Solche Bemühungen werden allein nicht genügen, um Wikipedia langfristig zu dem zu machen, was Visionären wie Sebastian Moleski vorschwebt: „Wir wollen jedem Menschen Zugang zum gesammelten Wissen der Menschheit ermöglichen“, sagt der 29-jährige Volkswirt. Dazu gehören die Breite des Themenspektrums, die Qualität der Einträge und vor allem die Tiefe. Der Nutzer soll in den Ozean des Weltwissens hinabtauchen können. Den Weg weisen Links, Bilder, Literaturlisten und Originaldokumente.

Das ist der Traum. Er führt nur über die Kooperation mit Wissensinstitutionen. Eine Zusammenarbeit mit Professoren, zum Beispiel im Rahmen eines Review-Programms, kann sich Moleski gut vorstellen. Andere Allianzen hat Wikimedia bereits geschmiedet: 2008 übergab das Bundesarchiv 100 000 Bildmotive an den Verein, 2009 kamen 250 000 Bilddateien aus der Fotothek der Sächsischen Landesbibliothek hinzu. Erst kürzlich endete eine Kooperation mit einem Forscherteam, das 557 Stichworte zum Thema Erneuerbare Energien überarbeitete. Das Geld kam vom Verbraucherschutzministerium. Bei seinen Finanzierungsstrategien muss Wikipedia mehrgleisig fahren. Da die Inhalte gratis zur Verfügung stehen und nicht von Werbung flankiert werden, die Server in Florida und Amsterdam aber dennoch bezahlt werden müssen, ist das Projekt auf Spenden angewiesen.

Einer der großzügigsten Geldgeber dieses Jahres war Google. Zwei Millionen Dollar nahm Wikipedia-Gründer Jimmy Wales im Januar dankend in Empfang. Die community verfolgt solche Transaktionen verhalten. Groß, sagt Rulsch, sei die Angst vor „Kuhhandel“, also Geld gegen Mitbestimmung. Wikipedia, so die Basis, muss um jeden Preis unabhängig und unbestechlich bleiben.

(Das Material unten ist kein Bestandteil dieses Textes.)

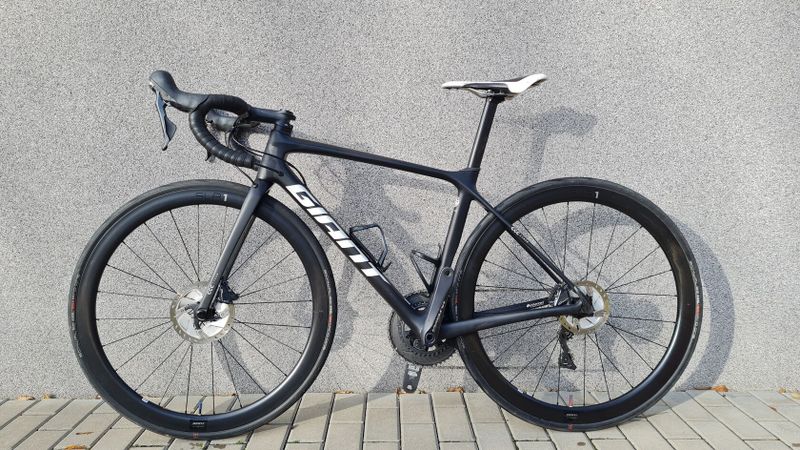 Giant TCR Advanced Pro Team Disc 2021, velikost S, 7,4kg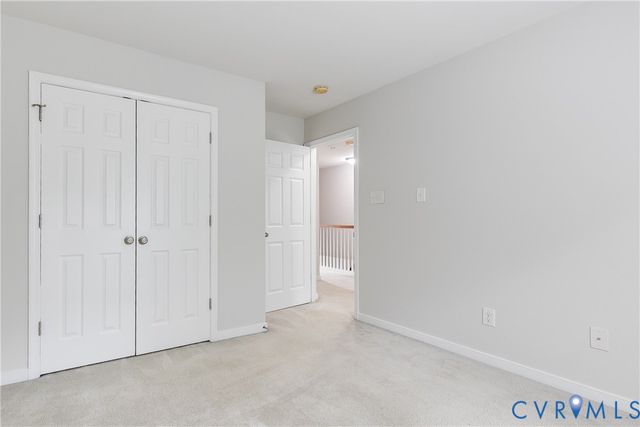 8004 Creekside Village Dr, Mechanicsville, VA 23111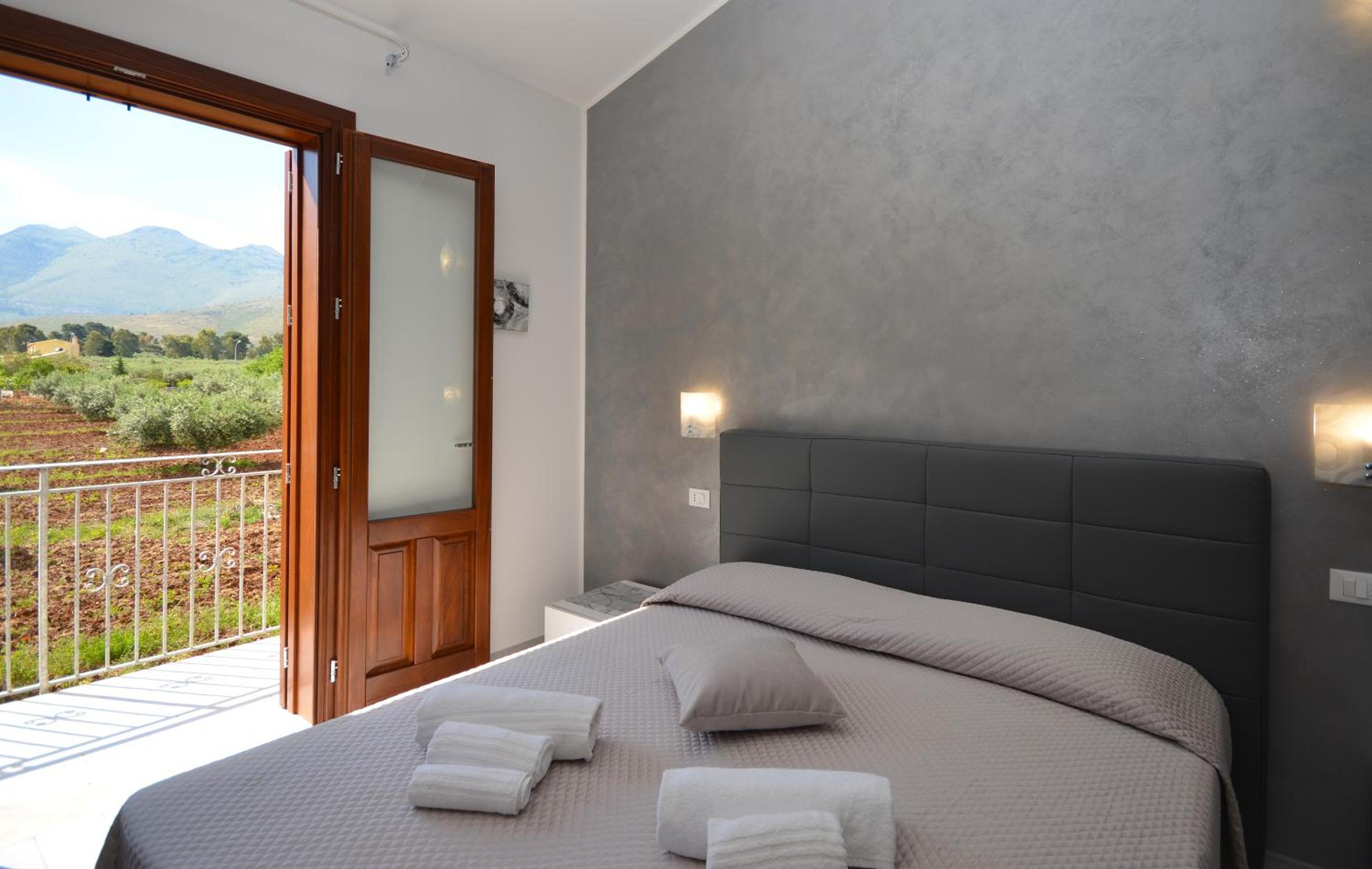 Deluxe Double Room with Balcony photo 3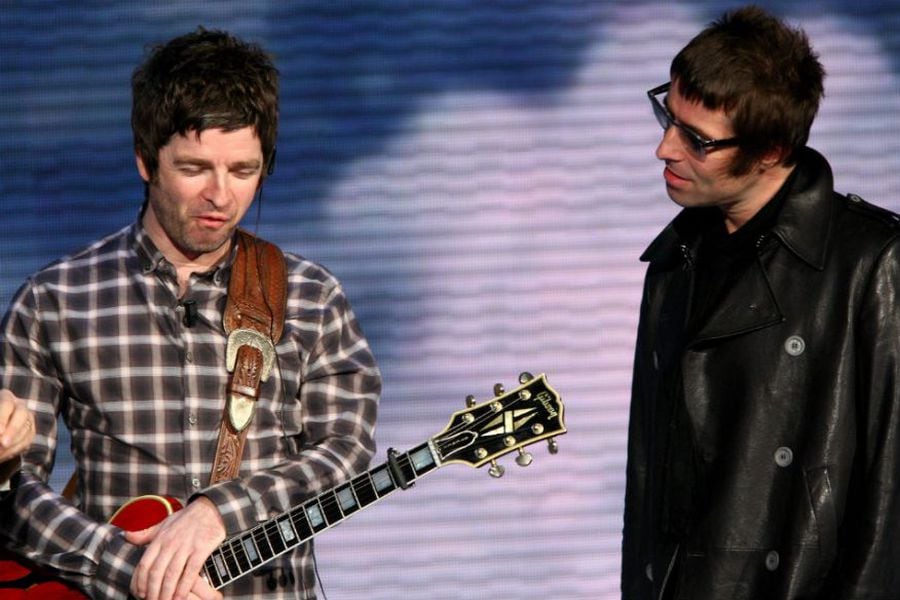 Noel-Gallagher-and-Liam-Gallagher-920x584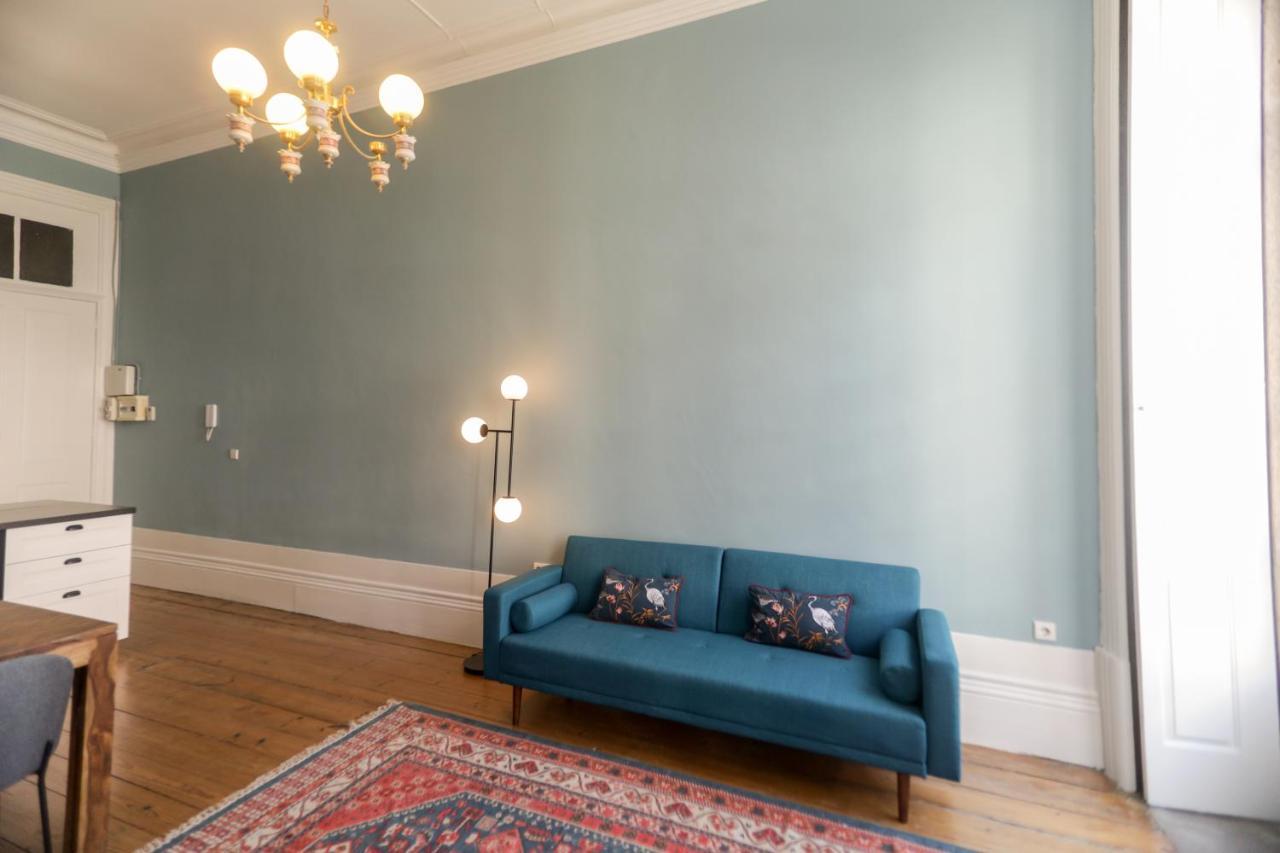Apartment Adorable In Great Area *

Unerbittlich natürlich auch. Wie der vorbildliche Mitstreiter „Leider“: Er korrigierte mal in einer Gewaltaktion alle ‚nahe des’. Jetzt wird auch „Leider“ vermisst. Und der falsche Genitiv ist wieder auf dem Vormarsch. Und weit und breit keiner, der Wikipedia von ihm säubert.